### Data for this task
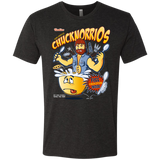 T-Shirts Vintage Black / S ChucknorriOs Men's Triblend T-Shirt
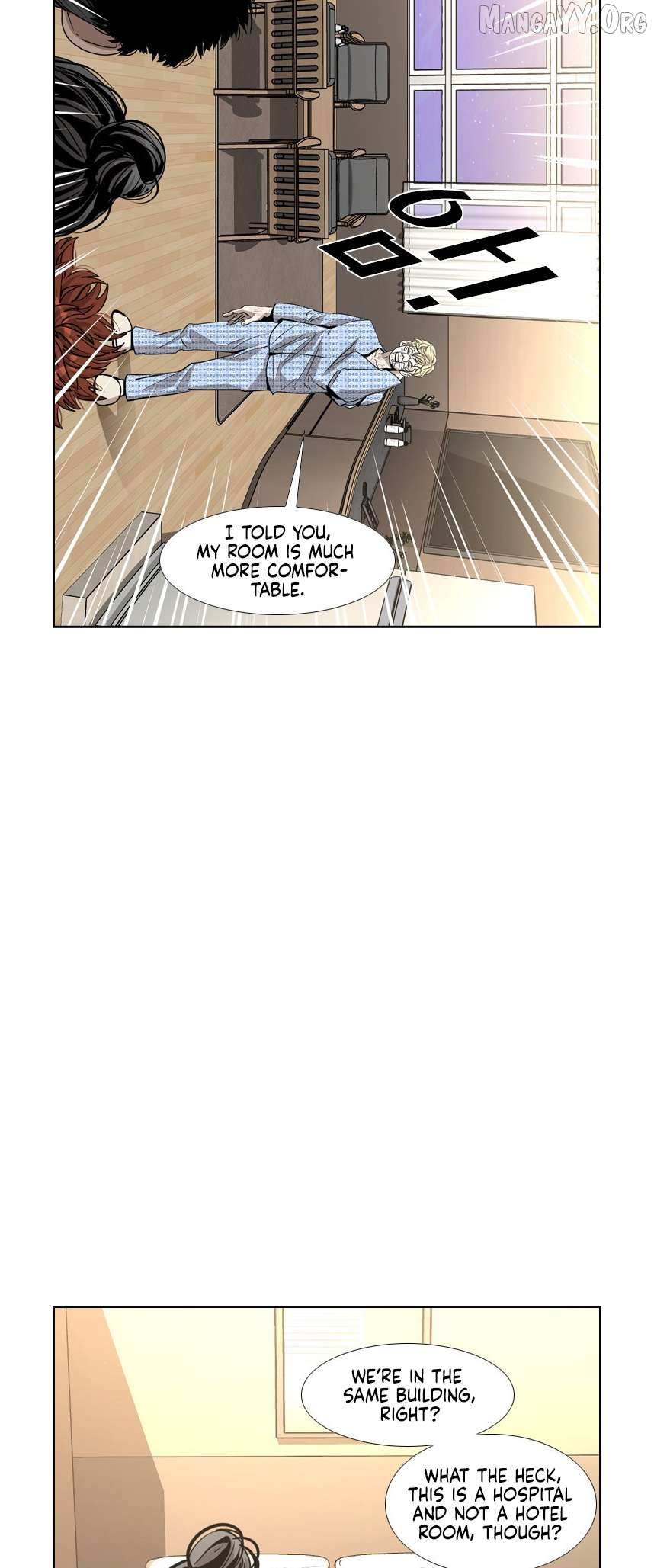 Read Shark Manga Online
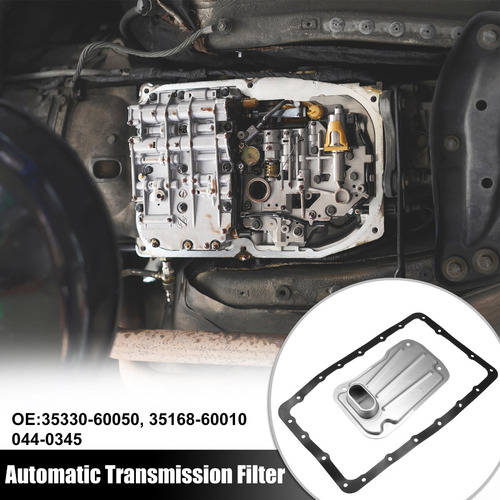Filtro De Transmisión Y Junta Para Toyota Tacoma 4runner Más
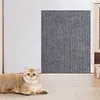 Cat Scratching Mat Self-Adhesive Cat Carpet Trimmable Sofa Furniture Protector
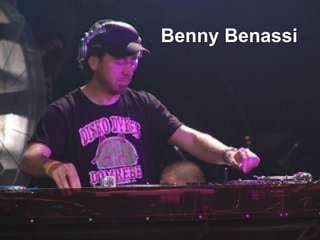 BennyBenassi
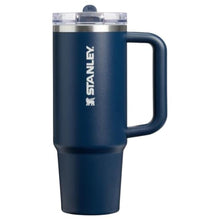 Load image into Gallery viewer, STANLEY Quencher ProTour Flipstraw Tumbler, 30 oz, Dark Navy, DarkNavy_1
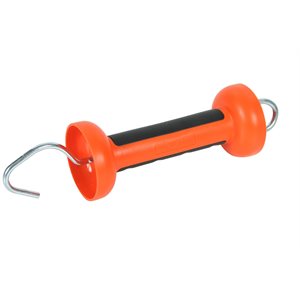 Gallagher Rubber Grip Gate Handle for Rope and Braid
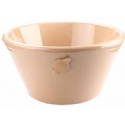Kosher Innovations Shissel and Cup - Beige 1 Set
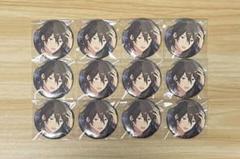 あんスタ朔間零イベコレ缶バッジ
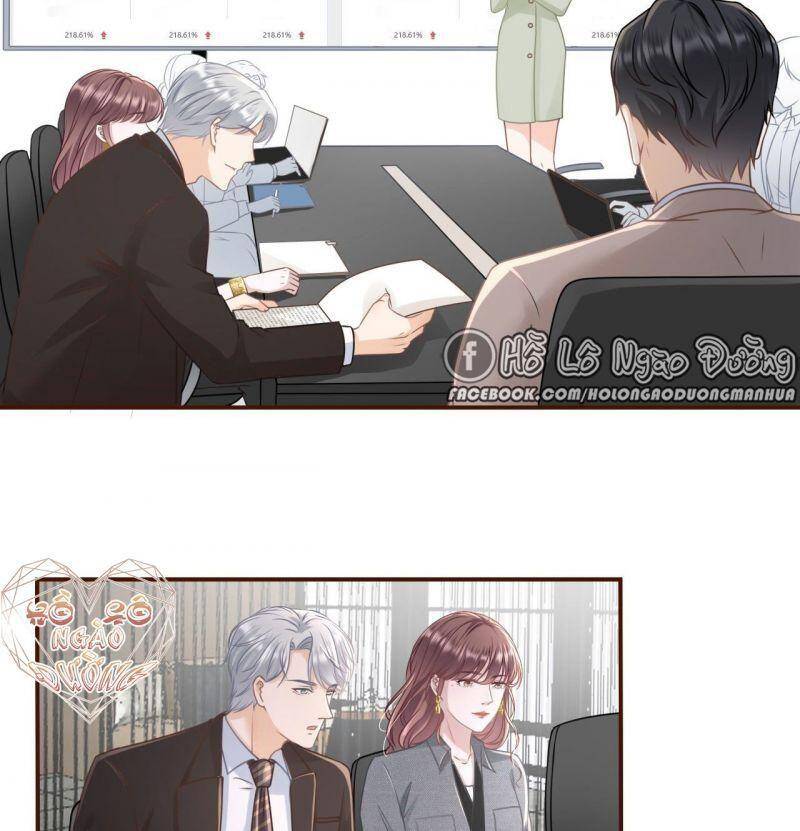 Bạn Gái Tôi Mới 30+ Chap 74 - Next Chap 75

### Your task
What's needed is an exact copy of every entry, free of pictures.

### Solution for this exercise
 T-Shirts Vintage Black / S ChucknorriOs Men's Triblend T-Shirt
 Read Shark Manga Online
Filtro De Transmisión Y Junta Para Toyota Tacoma 4runner Más
 Cat Scratching Mat Self-Adhesive Cat Carpet Trimmable Sofa Furniture Protector
 BennyBenassi
 Load image into Gallery viewer, STANLEY Quencher ProTour Flipstraw Tumbler, 30 oz, Dark Navy, DarkNavy_1
 Gallagher Rubber Grip Gate Handle for Rope and Braid
Kosher Innovations Shissel and Cup - Beige 1 Set
 あんスタ朔間零イベコレ缶バッジ
 Bạn Gái Tôi Mới 30+ Chap 74 - Next Chap 75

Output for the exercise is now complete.